**The task:**
Exact copies of the lines from the one holding "TAMBOR BROTHER DR-230CL" through the last line of the entries below are to be printed, with pictures omitted.

^^^^

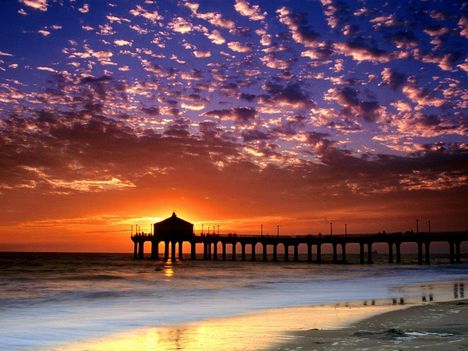 Colorful_Sky_Manhattan_Beach_California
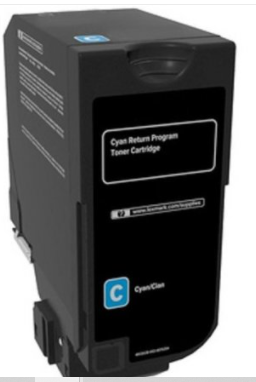 LEXMARK 74C20C0 C
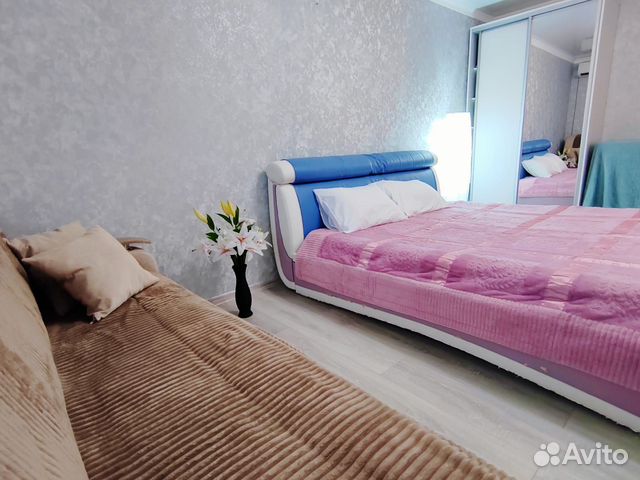 

1-к. квартира, 36 м², 1 кровать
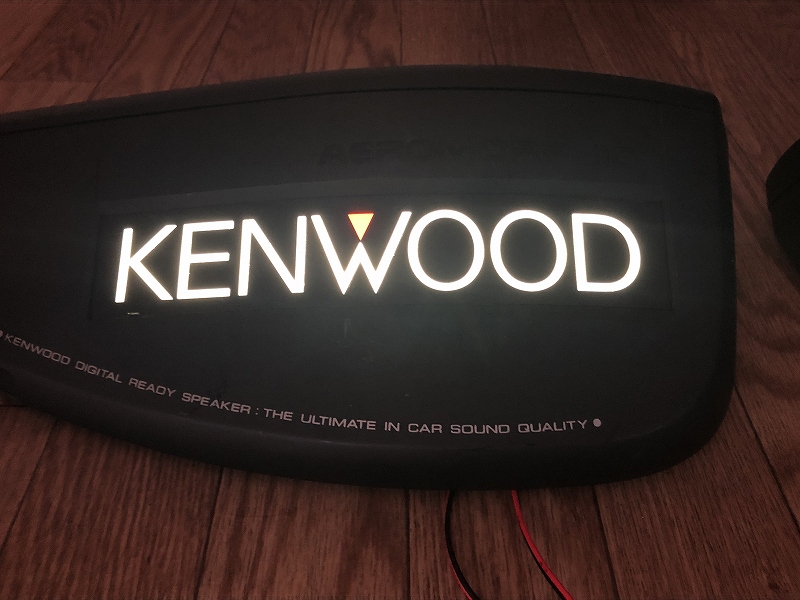 ケンウッドKSC-7070　led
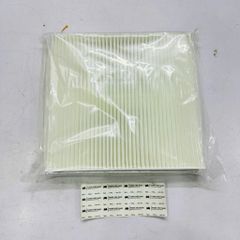 Lọc gió máy lạnh hoặc điều hòa Nissan Navara, Np300, Pathfinder đời 1995 - 2015. Hàng Cao cấp. Mã 272774JAOA, 272774JA0B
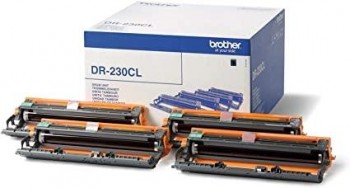 TAMBOR BROTHER DR-230CL ORIGINAL (DRUM) - Capacidad: 15.000 Páginas
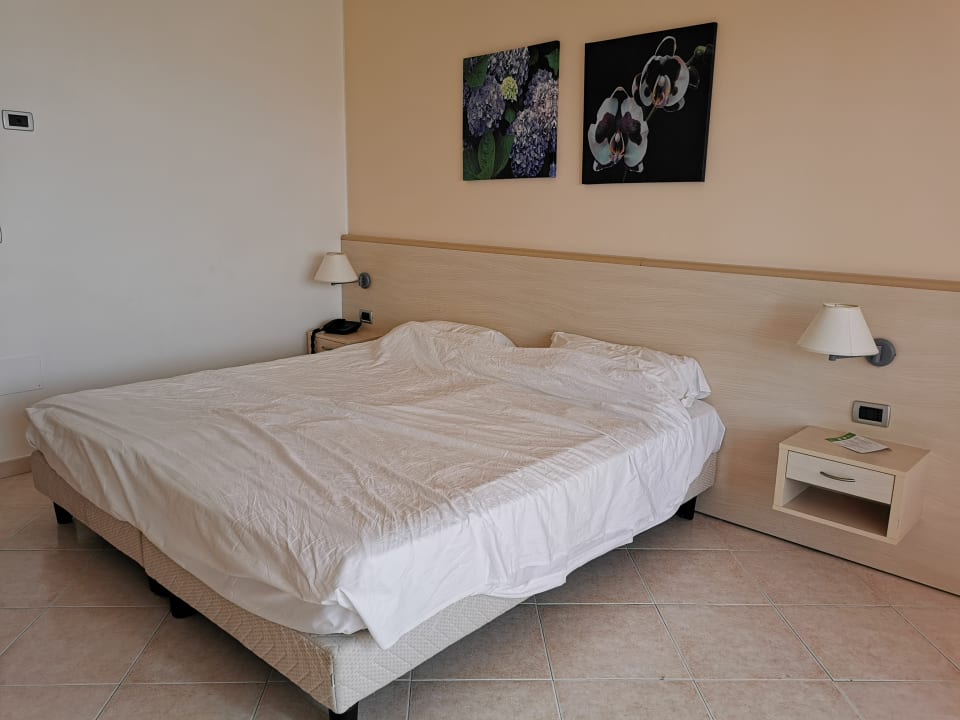 Zimmer Aldiana Club Rocca Nettuno Calabria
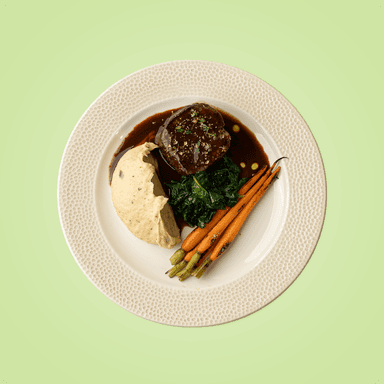 GRILLED BEEF TENDERLOIN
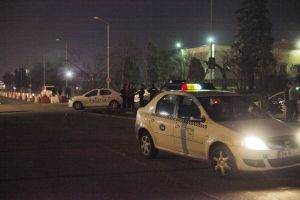 Razboi sangeros intre taximetristi si cei de la Uber pe strazile din Timisoara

^^^^

**Task response:**
 TAMBOR BROTHER DR-230CL ORIGINAL (DRUM) - Capacidad: 15.000 Páginas
 Zimmer Aldiana Club Rocca Nettuno Calabria
 GRILLED BEEF TENDERLOIN
 Razboi sangeros intre taximetristi si cei de la Uber pe strazile din Timisoara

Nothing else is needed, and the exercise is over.